Der ökologische Fußabdruck

Die Berechnung des Erdüberlastungstages beruht auf dem sogenannten ökologischen Fußabdruck – einem Indikator zur Messung von Nachhaltigkeit. Dieser wurde in den 1990er Jahren von Mathis Wackernagel und William Rees entwickelt. Heute gilt der ökologische Fußabdruck als Synonym für menschliches Verhalten und dessen Auswirkungen auf die Umwelt und erlaubt es, die Beanspruchung der Natur mit deren Fähigkeit zur Regeneration zu vergleichen.

Dabei steht die Frage im Mittelpunkt, wie viel Fläche für die Produktion von beispielsweise Energie, Nahrung oder Kleidung benötigt wird. Konkret wird die Nutzung von sechs Kategorien produktiver Flächen gemessen: bebaute Flächen, Ackerland, Wälder, Weideland, Fischgründe und Kohlenstoffaufnahme des Landes.

Basierend auf dem ökologischen Fußabdruck, berechnet „Global Footprint Network“ jedes Jahr die Erdüberlastungstage der Länder, für die UN-Daten verfügbar sind. 

„Ich achte darauf, kein Wasser zu verschwenden, schalte das Licht aus, wenn ich es nicht brauche, und ziehe die Stecker meiner Ladegeräte“, erzählt die 24-jährige Camilla Micoui, wenn man sie nach einem nachhaltigen Umgang mit den Ressourcen unserer Erde fragt. Die in Luxemburg-Stadt lebende Frau achtet im Alltag auf die Umwelt, denn sie will für ihre eigene, aber auch nachkommende Generationen das Beste geben.

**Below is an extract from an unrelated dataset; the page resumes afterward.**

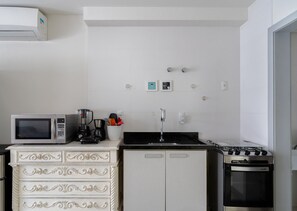 A compact kitchen with a white refrigerator, a microwave, a stove, and a white cabinet with drawers. - Apartments 110 m From the Beach in Floripa - AGC (Florianópolis)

Auch Patrick Löwen aus Mersch ist um einen ressourcenschonenden Lebensstil bemüht: „Wir haben zu Hause eine Fotovoltaikanlage, essen Obst aus dem eigenen Garten, trennen und kompostieren den Müll.“ Eine Lebensweise, die dem 48-Jährigen laut eigener Aussage einfach fällt. Doch viele Bürger des Großherzogtums tun sich mit einer nachhaltigen Art zu leben offensichtlich schwer.

Denn bereits am 15. Februar hatte Luxemburg laut Berechnung der internationalen Forschungsorganisation „Global Footprint Network“ seinen Erdüberlastungstag. Das bedeutet, dass die verfügbare Menge an natürlich nachwachsenden Ressourcen – darunter fruchtbarer Boden oder Waldflächen – für 2021 bereits seit vier Wochen aufgebracht ist.

„Stellen wir uns den Vorratskeller in einem Haus vor. Dort werden Lebensmittel gelagert, die wir zum Leben brauchen. Jahr für Jahr wird der Vorrat mit einer begrenzten Anzahl an Nahrungsmitteln aufgestockt. Wenn mehr entnommen als nachgefüllt wird, ist im kommenden Jahr weniger da. Irgendwann ist der Erd-Keller dann leer. Würde jeder so wie die Luxemburger leben, wäre das am 15. Februar der Fall gewesen“, erklärt Gil Kirchen, Projektkoordinator bei „Ëmweltberodung Lëtzebuerg asbl“.

LINK Mehr Informationen gibt es unter footprintnetwork.org.
Dort kann man auch den eigenen ökologischen Fußabdruck berechnen.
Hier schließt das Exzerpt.